> EXERCISE DETAILS
Could the listing below be reproduced exactly, minus its pictures?

> GIVEN INFORMATION
-- Opening Marker --

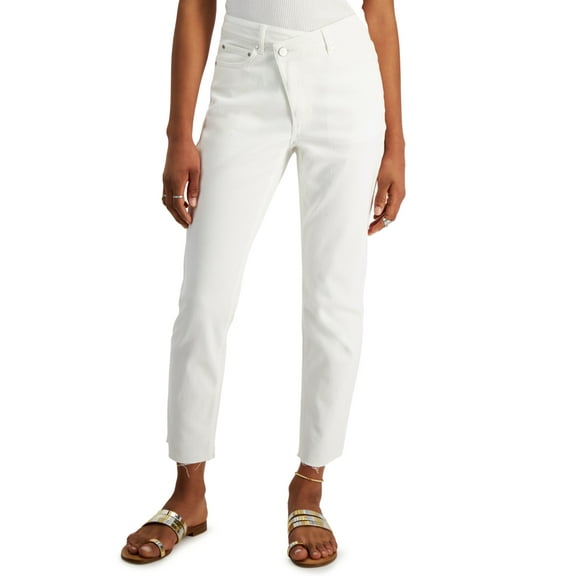 Tinseltown Juniors’ Asymmetrical-Waist Raw-Edge-Hem Ankle Jeans, White, 3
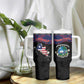 Personalized Liberia Tumbler With Handle Map With Pepper Flowers Scratch Texture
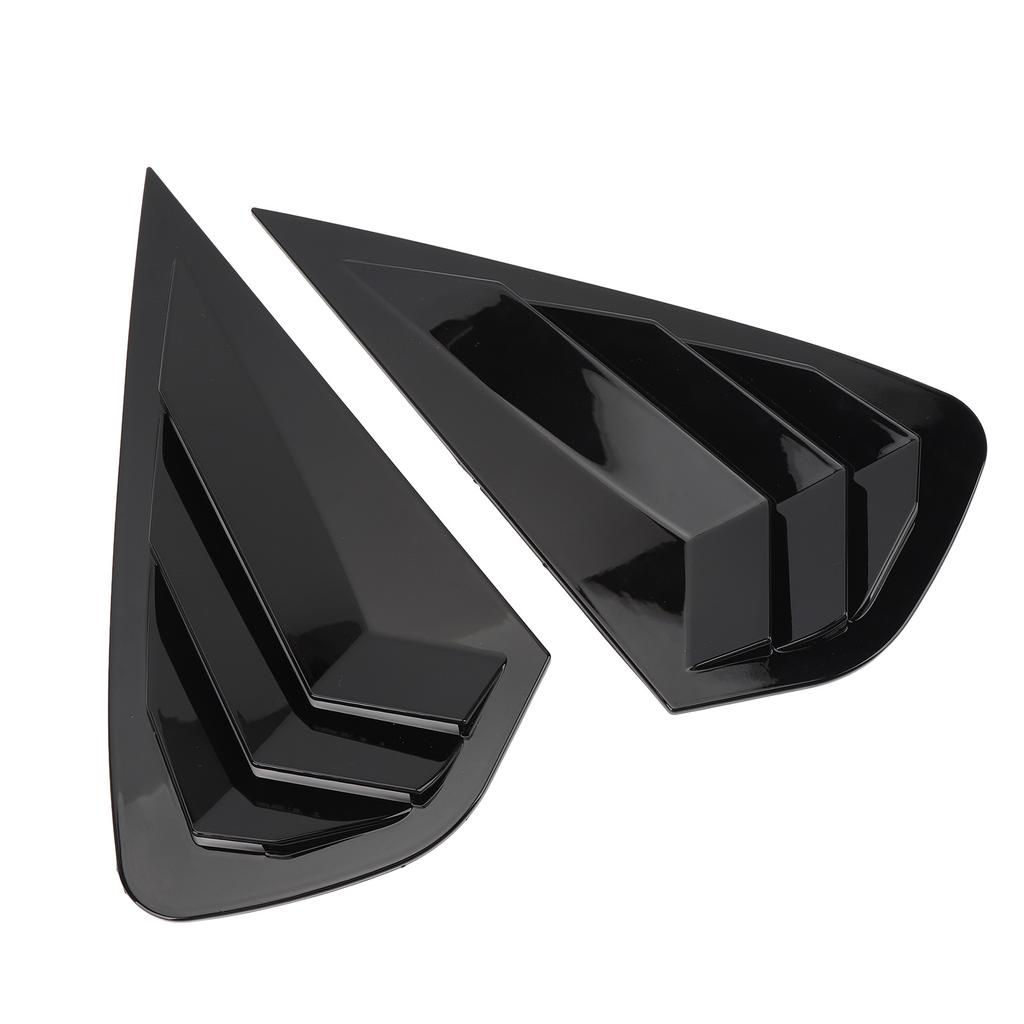 1 Pair Rear Side Window Shutter Cover Trim Glossy Black Scratch Proof Window Louver Side Vent Trim F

-- Closing Marker --

> REPLY TO THE EXERCISE
 Tinseltown Juniors’ Asymmetrical-Waist Raw-Edge-Hem Ankle Jeans, White, 3
 Personalized Liberia Tumbler With Handle Map With Pepper Flowers Scratch Texture
 1 Pair Rear Side Window Shutter Cover Trim Glossy Black Scratch Proof Window Louver Side Vent Trim F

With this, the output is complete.